The interesting fact here is that CAP, after ten years, has had such success in Pennsylvania that it has now reached out to like-minded Americans in other states to, as it were, nationalize this movement. As was observed at the CAP conference, it is state legislatures that frequently serve as the stepping-stone to seats in the U.S. House and U.S. Senate — where, of course, the Iron Triangle problem is at work on a massive scale.
To make this work, as was noted at the conference, there has to be a mix of the intellectual policy base with the aforementioned political and legal allies.
This being 21st century America, a considerable part of the gathering was devoted to the realities of political organizing courtesy of the IRS. It is simply not possible to discuss the ideas underpinning this kind of modern day rebellion without plunging into the morass of IRS regulations — 501(c)(4)’s and 501(c)(3)’s — not to mention any and all other legalities that must be carefully adhered to. From the legal basics to IRS compliance issues CAP had organized a serious seminar on the do’s and don’ts of modern political organizing. The basics of fundraising were covered — with a special concentration on getting other capitalists to step up and lend a hand to organizations that are out there to carry the capitalism and entrepreneurial flag into state legislatures. Not to be forgotten were political tactics — dealing with state or local political party leadership that has become part of the Establishment.

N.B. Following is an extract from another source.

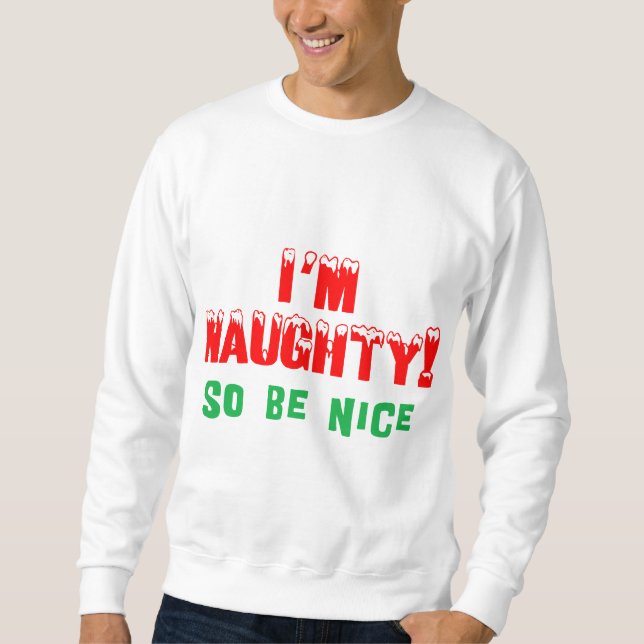 WeihnachtsSweatshirt Sweatshirt (Vorderseite)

In CAP’s case, Kennedy’s allies in this effort include a roster of fellow Pennsylvanians all with considerable across-the-board experience themselves. They include, alphabetically:
The importance of having team members or allies like these is crucial. Every base is covered — from the intellectual and policy base to polling to communication to finances to dealing with the inevitable sea of legal issues that surround modern election law.
All of which was presented and discussed with the out-of-state visitors all interested in executing some version of CAP in their own states — if they weren’t already active on that front, as most of them were. The idea of it all was — ideas. Ideas that lead to action. Not unlike the original 1774 meeting in Carpenters’ Hall
There is plenty of reason for all of this. On top of the Iron Triangle fights that are standard features in state capitals, as if that weren’t enough the rise of socialism that has gripped the American Left and the Democratic Party has in fact reared its head in Pennsylvania.

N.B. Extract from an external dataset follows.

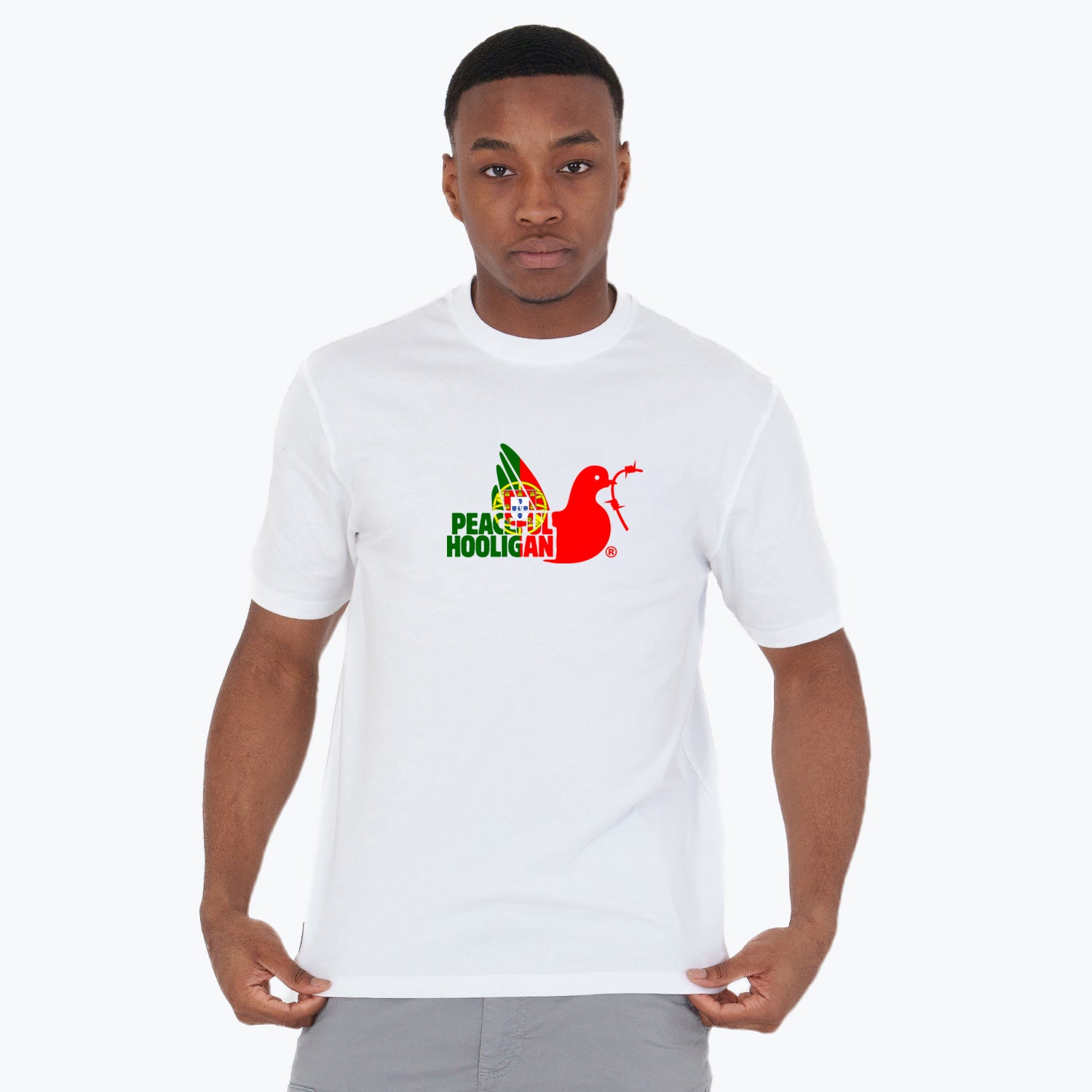 Portugal Dove T-Shirt White - Peaceful Hooligan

The 2018 elections produced two Pittsburgh area state legislators who are, exactly like New York Congresswoman Alexandria Ocasio-Cortez, members of the Democratic Socialists of America — the DSA. And tellingly, like fellow DSA member AOC, they won their seats by defeating incumbent non-socialist Democrats in the primary. Notably the co-chair of the Pittsburgh DSA chapter said this after the results were in: “We’re turning the state the right shade of red tonight.” Meaning, the “right shade of red” as that which once was the symbol of Communism. You can’t make it up.

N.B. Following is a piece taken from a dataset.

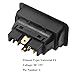 TA-VIGOR 2pcs Universal Power Window Switch DC 12V, 6 Pins Momentary Electric Car Window Switch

Perhaps one of the ironies of the rise of socialism is that, as was crystal clear from this 2019 meeting in Carpenters’ Hall, more and more Americans are standing up for capitalism — and eager to take on not just socialism but those Republicans and Democrats in their state legislatures who are seen as part of the Iron Triangle problem, using the legislature as an opportunity to spend an entire career on the state payroll — and when leaving taking a considerable taxpayer-funded retirement.
In 1774, Patrick Henry took the floor in Carpenters’ Hall to say this:
“The distinction between Virginians, Pennsylvanians, New Yorkers and New Englanders are no more. I am not a Virginian, but an American.”
It is safe to say that was very much the same sentiment in this CAP meeting that was taking place a full 245 years after that first gathering of delegates in Carpenters’ Hall. There are growing numbers of Americans — as was evident in the victory of Donald Trump in 2016 — who have had it with the status quo of the nation’s political class. They are prepared to step up and fight back — and most importantly, they are determined to win.